- _Work item_: There is one span to output from the data below: the lines starting at the line with "Позашляховик / Кросовер" and ending at the line with "High Pressure Washer - 4.0 Kw". Output it exactly, ends included, nothing more.

- _Supplied data_:
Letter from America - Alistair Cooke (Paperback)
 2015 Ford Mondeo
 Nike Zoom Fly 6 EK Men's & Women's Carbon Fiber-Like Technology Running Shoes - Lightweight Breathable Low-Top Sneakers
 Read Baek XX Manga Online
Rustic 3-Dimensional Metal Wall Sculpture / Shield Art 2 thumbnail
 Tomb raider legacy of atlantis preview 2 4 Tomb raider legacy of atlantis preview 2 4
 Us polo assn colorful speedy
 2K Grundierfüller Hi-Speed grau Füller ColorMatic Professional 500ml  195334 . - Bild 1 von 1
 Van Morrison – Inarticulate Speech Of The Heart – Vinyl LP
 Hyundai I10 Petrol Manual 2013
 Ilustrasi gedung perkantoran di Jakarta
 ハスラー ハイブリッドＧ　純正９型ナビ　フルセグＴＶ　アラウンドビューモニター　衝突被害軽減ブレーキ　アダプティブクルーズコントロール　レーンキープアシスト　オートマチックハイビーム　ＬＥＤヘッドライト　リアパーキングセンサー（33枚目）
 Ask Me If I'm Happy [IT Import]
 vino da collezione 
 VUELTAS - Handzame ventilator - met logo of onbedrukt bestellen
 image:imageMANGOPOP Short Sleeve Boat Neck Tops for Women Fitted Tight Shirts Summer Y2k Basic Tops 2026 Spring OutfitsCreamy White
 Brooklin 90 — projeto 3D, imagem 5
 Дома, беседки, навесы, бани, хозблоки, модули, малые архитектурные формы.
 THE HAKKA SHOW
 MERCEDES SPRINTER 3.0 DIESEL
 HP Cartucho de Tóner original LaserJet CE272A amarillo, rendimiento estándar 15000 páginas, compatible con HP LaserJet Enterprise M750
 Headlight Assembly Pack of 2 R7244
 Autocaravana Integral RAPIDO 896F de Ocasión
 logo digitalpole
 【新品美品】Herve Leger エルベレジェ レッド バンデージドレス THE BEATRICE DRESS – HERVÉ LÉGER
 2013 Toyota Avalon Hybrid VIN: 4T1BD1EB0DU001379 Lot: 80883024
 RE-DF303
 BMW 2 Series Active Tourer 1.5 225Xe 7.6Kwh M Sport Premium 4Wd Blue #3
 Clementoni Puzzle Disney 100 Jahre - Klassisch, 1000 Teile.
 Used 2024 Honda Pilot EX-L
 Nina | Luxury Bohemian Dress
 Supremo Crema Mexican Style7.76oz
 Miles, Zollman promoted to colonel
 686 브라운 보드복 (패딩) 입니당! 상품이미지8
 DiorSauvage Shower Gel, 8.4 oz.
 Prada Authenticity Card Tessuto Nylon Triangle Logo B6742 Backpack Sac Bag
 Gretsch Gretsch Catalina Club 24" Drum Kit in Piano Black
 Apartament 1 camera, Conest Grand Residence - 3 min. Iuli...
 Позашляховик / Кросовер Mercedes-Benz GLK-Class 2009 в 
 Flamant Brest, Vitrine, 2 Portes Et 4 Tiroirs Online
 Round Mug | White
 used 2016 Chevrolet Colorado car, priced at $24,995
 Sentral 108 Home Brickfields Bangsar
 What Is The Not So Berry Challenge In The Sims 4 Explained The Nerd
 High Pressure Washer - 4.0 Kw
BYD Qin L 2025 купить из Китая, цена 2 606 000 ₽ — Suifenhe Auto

- _Solution for this exercise_:
 Позашляховик / Кросовер Mercedes-Benz GLK-Class 2009 в 
 Flamant Brest, Vitrine, 2 Portes Et 4 Tiroirs Online
 Round Mug | White
 used 2016 Chevrolet Colorado car, priced at $24,995
 Sentral 108 Home Brickfields Bangsar
 What Is The Not So Berry Challenge In The Sims 4 Explained The Nerd
 High Pressure Washer - 4.0 Kw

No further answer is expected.